▶ [Task description]: Make an exact copy of the whole listing, but leave its pictures out.

▶ [Information provided]:
>>

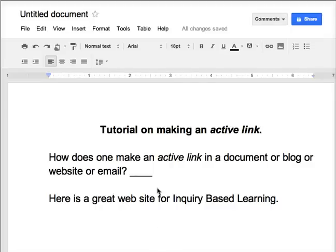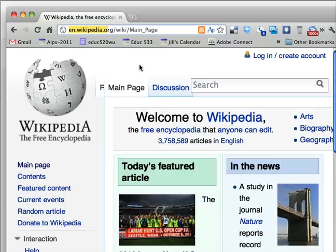How does one make an active link inside of a document, blog, website, or email such that when one clicks on it, it instantly goes to the link? Well, I found a great website on inquiry-based learning. It happens to be here at Wikipedia.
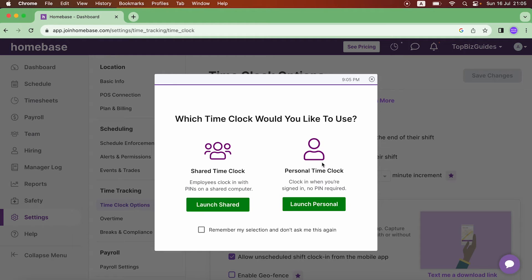With a personal time clock I'm signed in and no pin is required. With a shared time clock, a pin is required. In a different video I'm going to go over the shared time clock and also cover how to find and edit the pin for an employee, which is randomly generated when a user is added to Homebase.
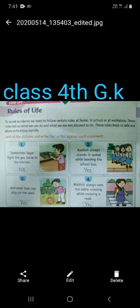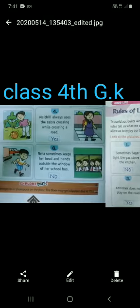Kashish always stands in a queue while boarding the school bus — your answer is yes. Abhishek does not play on the road — the answer is yes. Mithali always uses the zebra crossing while crossing the road — it is a safety rule, so yes.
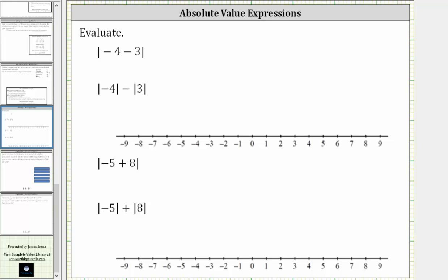We want to evaluate the given absolute value expressions. Notice for the first two examples, we have the absolute value of a difference and a difference of absolute values.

<<

▶ [Response]:
How does one make an active link inside of a document, blog, website, or email such that when one clicks on it, it instantly goes to the link? Well, I found a great website on inquiry-based learning. It happens to be here at Wikipedia.
With a personal time clock I'm signed in and no pin is required. With a shared time clock, a pin is required. In a different video I'm going to go over the shared time clock and also cover how to find and edit the pin for an employee, which is randomly generated when a user is added to Homebase.
Kashish always stands in a queue while boarding the school bus — your answer is yes. Abhishek does not play on the road — the answer is yes. Mithali always uses the zebra crossing while crossing the road — it is a safety rule, so yes.
We want to evaluate the given absolute value expressions. Notice for the first two examples, we have the absolute value of a difference and a difference of absolute values.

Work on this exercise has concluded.